• [What is required]
In the material below, pictures must be dropped. Repeat exactly, and only, the lines from the line with "Avis Paris Prix" to the line with "J-Line decoratie Kerstboom", both ends included.

• [Records provided]
== Segment start ==

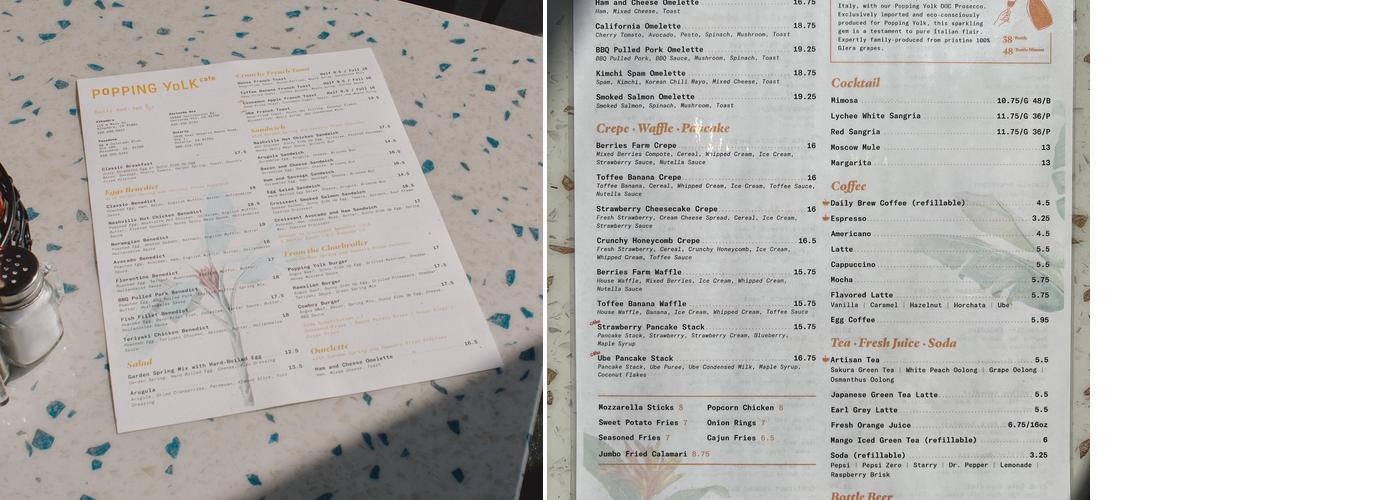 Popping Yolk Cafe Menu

== Segment end ==
== Segment start ==

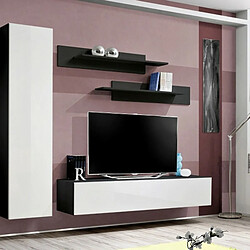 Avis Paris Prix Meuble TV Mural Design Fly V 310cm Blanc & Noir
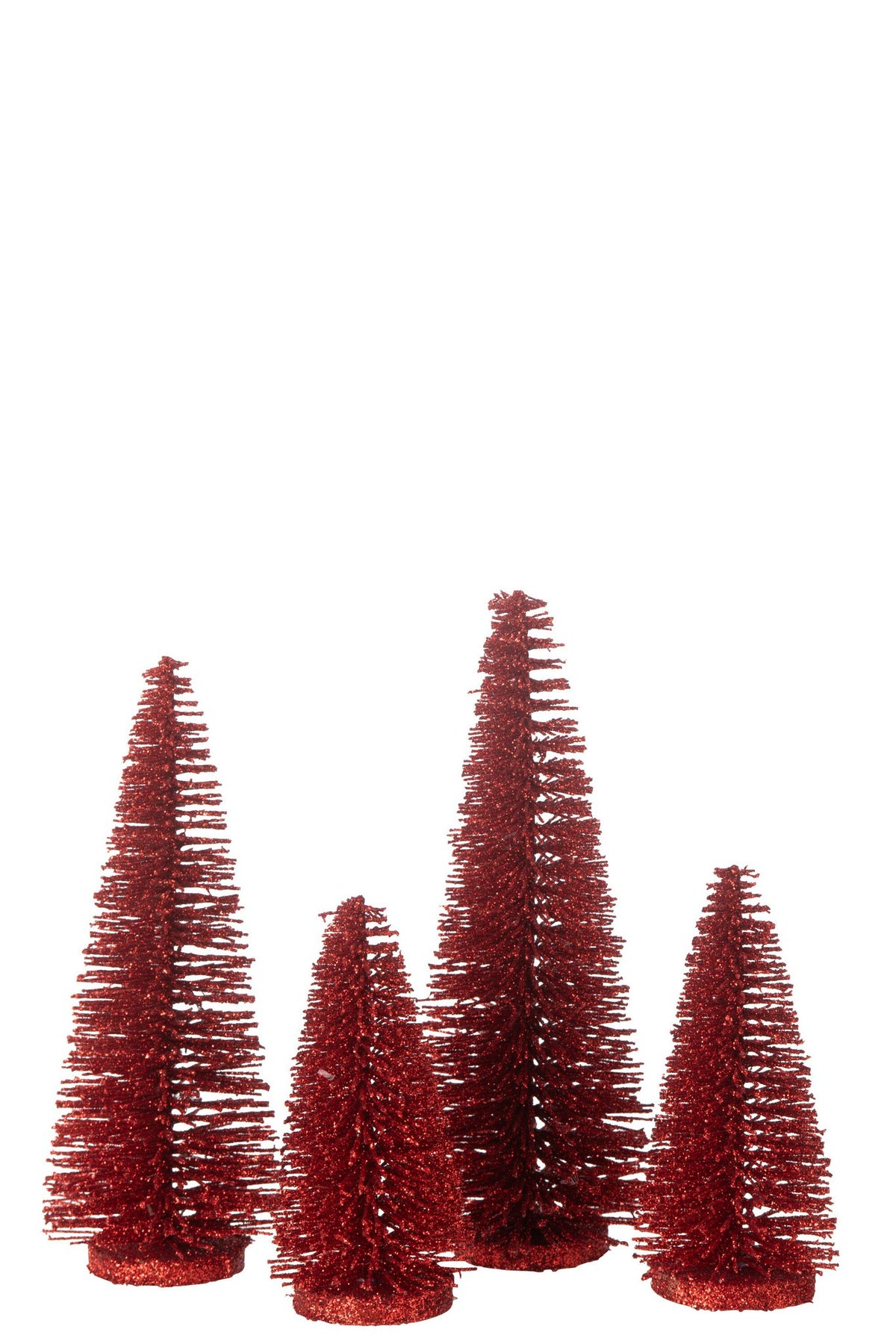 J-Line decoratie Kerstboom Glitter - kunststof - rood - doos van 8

== Segment end ==

• [Output for this exercise]
 Avis Paris Prix Meuble TV Mural Design Fly V 310cm Blanc & Noir
 J-Line decoratie Kerstboom Glitter - kunststof - rood - doos van 8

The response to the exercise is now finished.